Buying a put option will “lock-in” a futures contract price, but not the basis. So, the “minimum price” is and “expected” price. The difference in the actual basis and expected basis will cause the actual minimum price to be different from the expected price.
To estimate the expected minimum price, a minus 25 cent basis will be used for the KC July contract, and a minus 35-cent basis will be used for the KC September contract.
At this writing, buying a KC 620 July put would create an expected minimum price of $5.63 (630 – 42 cent premium – 25 cent basis). Buying a KC 630 September option would yield an expected minimum price of $5.43 (630 – 52 – 35).
The put option premium cost may be reduced by buying an “out of the money” option. A KC 560 July wheat put option premium is 18 cents, and a 560 September put option premium is 22 cents. The expected minimum prices are $5.17 (560 – 18 – 25) for the KC 560 July put and $5.03 (560 – 22 – 35) for the KC 560 September put.
If you are pricing, especially forward contracting, an important question is, how many bushels will you harvest?
A rule of thumb for some producers is to forward contract up to 50% of expected production. By definition, actual production will be above expected production 50% of the time and below expected production 50% of the time.
Setting expected production for the 2021 wheat crop is a combination of current crop conditions and the weather forecast. Except for an area in extreme south central Kansas and most of Oklahoma, the hard red winter (HRW) wheat production area is in drought conditions.

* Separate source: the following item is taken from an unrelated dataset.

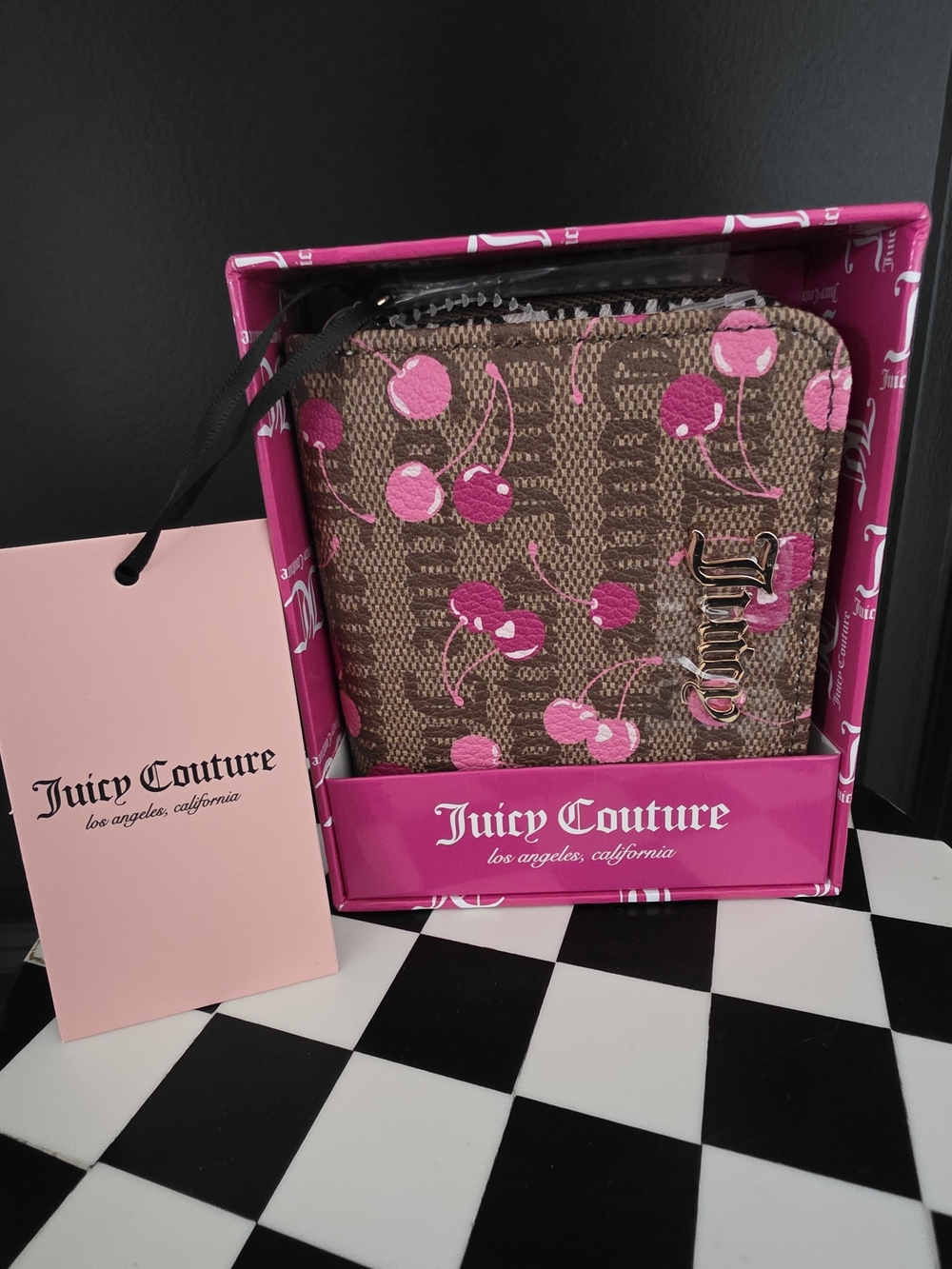NWT Juicy Couture Cherry Status Small Zip Around Wallet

Except for South Dakota and farther north, the (February through April) forecast is for above average temperatures and below average precipitation. The current soil moisture condition and the forecast imply that the odds of having below average yields may be higher than normal.
A good method to forward price is to stagger sales. For example; expected production is 40,000 bushels, and 20,000 maximum will be forward priced. The 20,000 bushels could be priced in four lots of 5,000 bushels. The first 5,000 bushel lot could be priced at the current price, with each additional 5,000 bushel lot priced at 25 cent price increases.
When finally making a decision, one criteria to use would be to make the decision that lets you sleep at night. If you lay awake because you’re worrying about having to sell at a lower price, price some wheat. If you lay awake worrying about not being able to take advantage of higher prices, use puts or do not price.